Ok, so of course, I don’t know what these authors did or how they started or anything like that. But what I do, prior to beginning, is talk in my characters voice. I get out a notebook and just think of random things that my narrating character would say. These become my posts. 

Naturally, the focus is not so much on what the character says, but how the character says it. 

I started with an opening line: “If the gnashing teeth ten feet behind didn’t kill me, my dad would. But that was a problem for Future Scout.” 

That was fencepost #1. 

One of my other earlier fenceposts was: “The fact that my eyes hadn’t burned crop circles in place of his nostrils felt like a small miracle. Of course God would be on his side.”

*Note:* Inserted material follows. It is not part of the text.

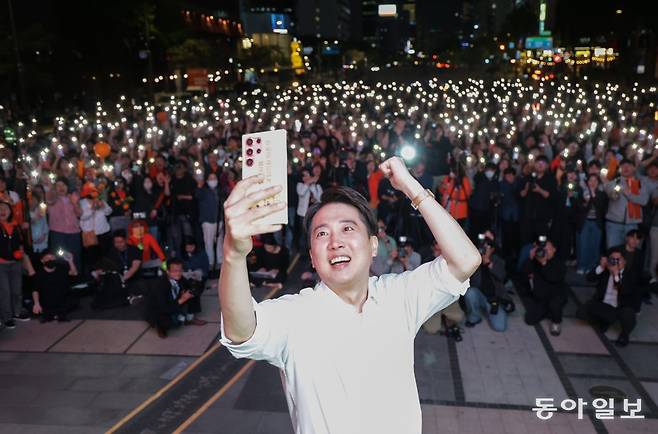 개혁신당 이준석 후보도 12일 오후 청계광장에서 열린 출정식에서 유세차에 올라 셀카를 찍고 있다. 박형기 기자 oneshot@donga.com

We’ll call that fencepost #2. 

 

After the creation of several more fenceposts, I’m left with a bunch of supporting structures jutting out vertically. That’s good. I’ve got them written down in no particular order, but I’m going to work with them. Because to build the actual fence, I need to constantly link back to the posts. 

Voice is about consistency. The character has to own the voice you give him or her. So these fenceposts you create are there to refer and link back to. Each sentence you write in first person has to be close enough to attach to one of the vertical posts. 

That’s the real danger with first person, I think. You want to go into some beautiful description about what the passage of time feels like, but Cammie Morgan is just going to say that it is A LOT of time in fifteen-year-old-girl time. Yanno?

Or you might want to describe the setting really eloquently. If you are writing from Mary’s perspective, you can get away with the pensive, lovely description. If you are Cammie Morgan, you can’t. Not ever ever. Never. Seriously.

So, start out by writing your fenceposts and in every sentence ask, Is that too far away from one of my fenceposts to link back to?